CloudLinux – Arbitrary File Access (Plesk) (R911-0057)

Type: Arbitrary File Access (Plesk)
Location: Local
Impact: High
Product: CloudLinux
Website: http://www.cloudlinux.com
Vulnerable Version: All versions prior to the fixed builds below.
Fixed Version: cagefs-5.0-10 / lvemanager-0.6-23
CVE: -
R911: 0057
Date: 2013-08-30
By: Rack911

Product Description:

CloudLinux is a commercially supported Linux operating system interchangeable with CentOS. It includes kernel level technology called LVE that allows you to control CPU and memory on per tenant bases. It is a bases for application level virtualization. CloudLinux delivers advanced resource management, better security and performance optimizations specifically targeted to multi-tenant hosting environment.

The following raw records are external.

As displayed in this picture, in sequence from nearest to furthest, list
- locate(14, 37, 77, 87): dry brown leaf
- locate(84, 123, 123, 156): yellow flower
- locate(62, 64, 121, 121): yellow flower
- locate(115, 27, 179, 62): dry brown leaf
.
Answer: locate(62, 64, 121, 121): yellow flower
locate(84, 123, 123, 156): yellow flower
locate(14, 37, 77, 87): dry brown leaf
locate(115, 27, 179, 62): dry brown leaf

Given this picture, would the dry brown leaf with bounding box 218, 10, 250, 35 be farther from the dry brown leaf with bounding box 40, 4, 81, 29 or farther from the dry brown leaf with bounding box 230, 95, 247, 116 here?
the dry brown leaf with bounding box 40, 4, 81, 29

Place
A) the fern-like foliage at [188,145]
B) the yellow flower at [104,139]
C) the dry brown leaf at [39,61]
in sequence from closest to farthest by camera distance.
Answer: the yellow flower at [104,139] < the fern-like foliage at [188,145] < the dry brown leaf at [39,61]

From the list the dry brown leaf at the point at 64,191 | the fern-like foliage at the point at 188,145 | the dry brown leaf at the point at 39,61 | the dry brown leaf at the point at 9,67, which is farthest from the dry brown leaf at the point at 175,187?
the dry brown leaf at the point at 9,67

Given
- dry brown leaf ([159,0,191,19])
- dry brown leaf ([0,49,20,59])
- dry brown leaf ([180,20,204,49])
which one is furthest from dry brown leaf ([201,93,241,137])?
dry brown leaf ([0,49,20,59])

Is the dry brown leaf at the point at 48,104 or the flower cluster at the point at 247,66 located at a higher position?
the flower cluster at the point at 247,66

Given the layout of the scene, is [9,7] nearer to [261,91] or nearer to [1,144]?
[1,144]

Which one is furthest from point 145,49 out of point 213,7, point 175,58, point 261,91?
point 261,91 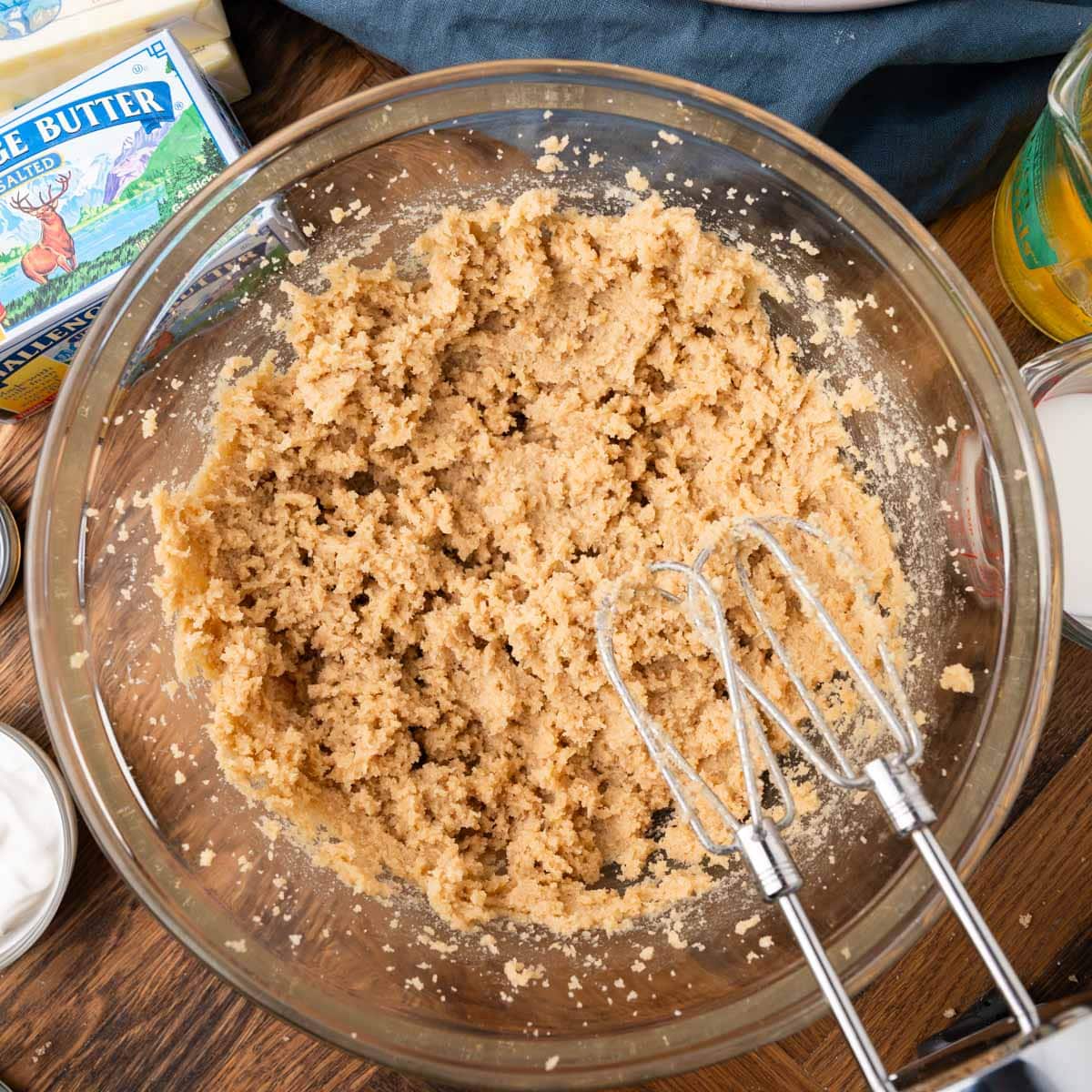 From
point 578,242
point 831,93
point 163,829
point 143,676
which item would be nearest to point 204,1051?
point 163,829

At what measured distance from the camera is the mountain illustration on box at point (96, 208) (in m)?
1.42

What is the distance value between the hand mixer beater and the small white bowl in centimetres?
85

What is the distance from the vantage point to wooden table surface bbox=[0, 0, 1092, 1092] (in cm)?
149

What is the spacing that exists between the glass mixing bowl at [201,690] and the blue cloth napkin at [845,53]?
0.24m

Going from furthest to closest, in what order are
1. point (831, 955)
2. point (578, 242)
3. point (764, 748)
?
point (578, 242) → point (831, 955) → point (764, 748)

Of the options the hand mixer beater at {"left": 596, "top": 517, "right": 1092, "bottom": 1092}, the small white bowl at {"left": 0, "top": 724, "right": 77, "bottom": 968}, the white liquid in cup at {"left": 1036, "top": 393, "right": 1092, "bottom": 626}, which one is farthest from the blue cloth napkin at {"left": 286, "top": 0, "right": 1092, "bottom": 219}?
the small white bowl at {"left": 0, "top": 724, "right": 77, "bottom": 968}

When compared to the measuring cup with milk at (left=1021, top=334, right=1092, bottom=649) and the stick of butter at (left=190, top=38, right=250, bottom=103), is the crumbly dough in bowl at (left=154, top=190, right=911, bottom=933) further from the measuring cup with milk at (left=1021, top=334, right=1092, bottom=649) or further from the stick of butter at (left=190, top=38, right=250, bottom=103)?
the stick of butter at (left=190, top=38, right=250, bottom=103)

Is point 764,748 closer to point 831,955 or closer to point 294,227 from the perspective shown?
point 831,955

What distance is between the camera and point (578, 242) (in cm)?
130

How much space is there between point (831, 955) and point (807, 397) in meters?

Vulnerability Description:

There is a flaw within the Resource Usage feature of CloudLinux for Plesk that allows an attacker to open any file owned by the ‘psaadm’ (admin) user. The end result is that the attacker would be able to obtain admin access, view client MySQL databases and/or possibly obtain root access through other means.

Proof of Concept:

Due to the nature of this security flaw, we will not be posting a Proof of Concept until a much later date.

Impact:

We have deemed this vulnerability to be rated as HIGH due to the fact that any file owned by the ‘psaadm’ user can be viewed.

Vulnerable Version:

This vulnerability was tested against CloudLinux cagefs-5.0-9 / lvemanager-0.6-21 for Plesk and is believed to exist in all prior versions.

Fixed Version:

This vulnerability was patched in CloudLinux cagefs-5.0-10 / lvemanager-0.6-23 + lvemanager-0.7-1.6 BETA for Plesk.

Vendor Contact Timeline:

2013-08-26: Vendor contacted via email.
2013-08-27: Vendor confirms vulnerability.
2013-08-30: Vendor issues update.
2013-08-30: Rack911 issues security advisory.